Twelfth Night, Young Vic
Monday 8th October 2018
If music be the food of fun, play on! In fact, give me excess of it, surfeit even. Is this how you feel about live performance? Then you’re in luck. Actor and director Kwame Kwei-Armah has returned to London, after a stint as artistic director of Center Stage in Baltimore, to take up the same role at this venue, and his first show is a masterclass in popular theatre: inspired, of course, by the bard, this Twelfth Night sings, it dances and it shares its warmly beating heart with everyone. A completely musical version, conceived by Kwei-Armah and Shaina Taub, with the latter responsible for all the brilliant lyrics and music, it was first seen at the New York’s Public Theater and Shakespeare Festival, and has lost none of its energy on its journey across the Atlantic.
Set in London’s Notting Hill district, whose annual Carnival weekend in August is a celebration of the country’s multicultural heritage, the story unfolds with a rapid pace and all the cut and thrust of a Renaissance tale well told. In little more than 95 minutes, this version of Shakespeare’s play warbles and strides its way from Viola’s arrival, to her disguise as Cesario, to her entanglement with the Duke Orsino, and his unrequited love for Olivia, in whose house reside her steward Malvolio, and party people Toby Belch and Andrew Aguecheek. Maria, Fabian and Feste the Fool make up the numbers, and soon the whole stage is full of a singing and dancing community chorus from the local boroughs of Southwark and Lambeth. Like Kwei-Armah’s homecoming, this is all very celebratory and joyful.
Although Shakespeare’s original has an unmistakable strain of melancholy, this Twelfth Night is almost all unalloyed pleasure. Even when a hearse appears at the start, as Olivia mourns the death of her brother, the feeling is less of an arid desert than that of an oasis of temporary calm. If those who don’t know the original play might be perplexed by the references to Illyria (given that the production is clearly set in contemporary London), this is just one of those details that annoy me: if you are going to mess with Shakespeare why not go the whole hog? And, boy, does Taub mess with the bard. Apart from a few short dialogues, and some classic lines about music being the food of love, and some being born great, there is very little Renaissance verse in this version.

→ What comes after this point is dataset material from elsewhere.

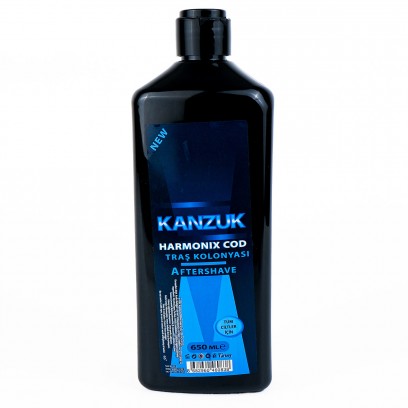 Kanzuk Tıraş Losyonu Harmanıx Cod 650 Ml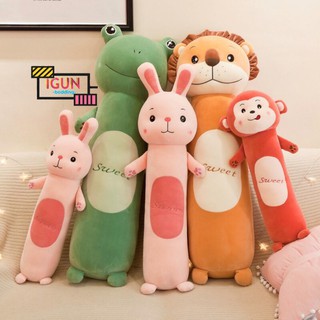 GỐI ÔM HÌNH THÚ BÔNG Đáng Yêu hàng cao cấp Nhập Khẩu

Instead, we have a gloriously embracing musical which radiates happiness in almost every song. Even when Gabrielle Brooks’s Viola laments that “I’m the kind of girl who never gets the guy”, you just know that, very soon, she will, she will. Having slipped on a smart suit and shed her luxurious hair, she’s ready for action. In no time at all Rupert Young’s rather hipsterish Orsino is keeping her close, and Natalie Drew’s Olivia is battling her eyelids in her/his direction. The gender fluidity of the story works well in a contemporary setting, although the finale — when the whole community joins in singing “If we can open our hearts to each other, what a better world it could be” — feels like a nostalgic look back at the “Make love not war” 1960s, when Notting Hill was more bohemian than Caribbean. Still, when the audience is on its feet clapping and shouting for joy, what’s not to like?
Touching, often rather moving, and overall utterly celebratory, the show features a scene-stealing performance by Gerard Carey as Malvolio, here presented as the boy who was bullied in High School, but who has remained true to his ambitious spirit. However unShakespearean, Carey’s comic timing is impeccable and he effortlessly dominates much of the proceedings. Similarly brilliant is Melissa Allan’s Feste, whose voice has a raw abrasiveness which can go through you like a blade. While the tonal range of Drew and Young is more mature and softer, the drunks in the story, that is Martyn Ellis as Toby and Silas Wyatt-Barke as Aguecheek, are full-on comics. More nuanced are Gbemisola Ikumelo’s Maria and Jyuddah Jaymes’s Sebastian.
Co-directed with Oscar Eustis, Kwei-Armah’s opening show is a fulsome embrace of diversity and the pleasures of the street-dancing, gender-bending and mildly transgressing world of carnival. It is so full of fun that any po-faced criticism of its departures from Shakespeare’s original would be not only ungenerous but also rather beside the point. Like Bob Carlton’s splendid Return to the Forbidden Planet, here the bard is really just an excuse for unfettered enjoyment and foot-tapping frolics. If the dancing, choreographed by Lizzi Gee all across designer Robert Jones’s cartoonish set, is a bit messy at times, what care I? Better to leave the theatre as a happy fool, than a foolish wit.